Benjamin recalled a case where a mother, who had just lost a child in a car accident but had three surviving children, began exhibiting suicidal tendencies.

“You know what that did to those three children? That was more traumatic for them than the initial accident.”

He said the surviving children felt at fault.

“We have to consider grief and loss in the context of someone who lived a long life as opposed to tragic grief and loss.”

He said type one trauma, or complex trauma, means it is happening in the present and so the response to that will be much different.

“This is not growing old and expecting to die at some point. There is something inherently complex in dealing with grief and loss because it is not something you (anticipate) or even think about.”

He also said children should not be forced to go to funerals.

“They may not be ready for that yet.”

Benjamin said children should be encouraged to find a natural outlet for their grief, such as drawing, colouring or, for older children, journaling.

“They will (still) relive the trauma, but they will have an outlet.”

It takes a village: The impact of tragedy on the community

“Everyone will go through survivor’s guilt, including rescuers,” he said.

He said trauma is like throwing a pebble into the water of a still pond which reverberates long after the tragedy has occurred.

“You have to look at the epicentre (which is) the family. Next is the people in the environment affected by this: the community, neighbourhood, school, church, etc. We also have to think about responders.
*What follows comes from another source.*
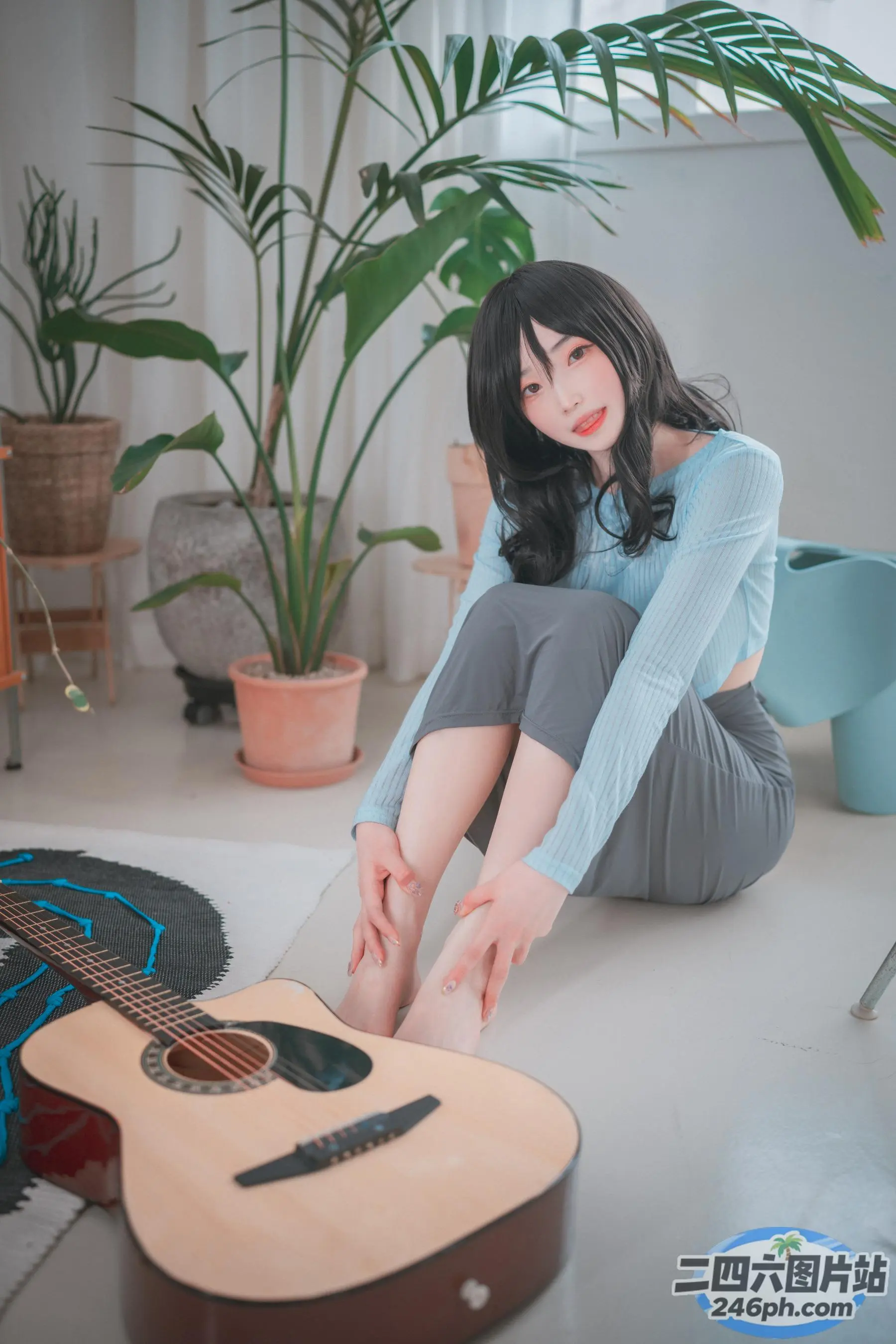 女人坐在地板上，手里拿着吉他和一棵植物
They become a part of the circle of tragedy.”

He said in Trinidad and Tobago, there is not a proper system of care for those impacted by trauma. “The real work comes six months, two years later, when people realise their grief has changed.

“Trauma affects us all. We do not move from traumatic event to traumatic recovery. We stay in the trauma incident. We don’t move from that. The community does not move from that. There is nobody going to do a session with the community like when you have a mass shooting. I don’t see that happening here.”

He said those who are able to pay for private therapy can, but there is no crisis management centre available to take charge in the community and provide counselling.

“So, people go about their lives, but in reality, they are affected for years to come.”

He said in the early stages of grief, in the first few days, the family may not be ready for therapy. Instead, what the family will need is guidance through processing their raw emotions. He said the first few months would be a confusing time for the children especially.

“It is not uncommon for children to see, in a real way, their loved ones who have passed. That is normal at this point; to dream and have full conversations with people in your dreams.

Benjamin said, “Let us not make grieving a difficult process.”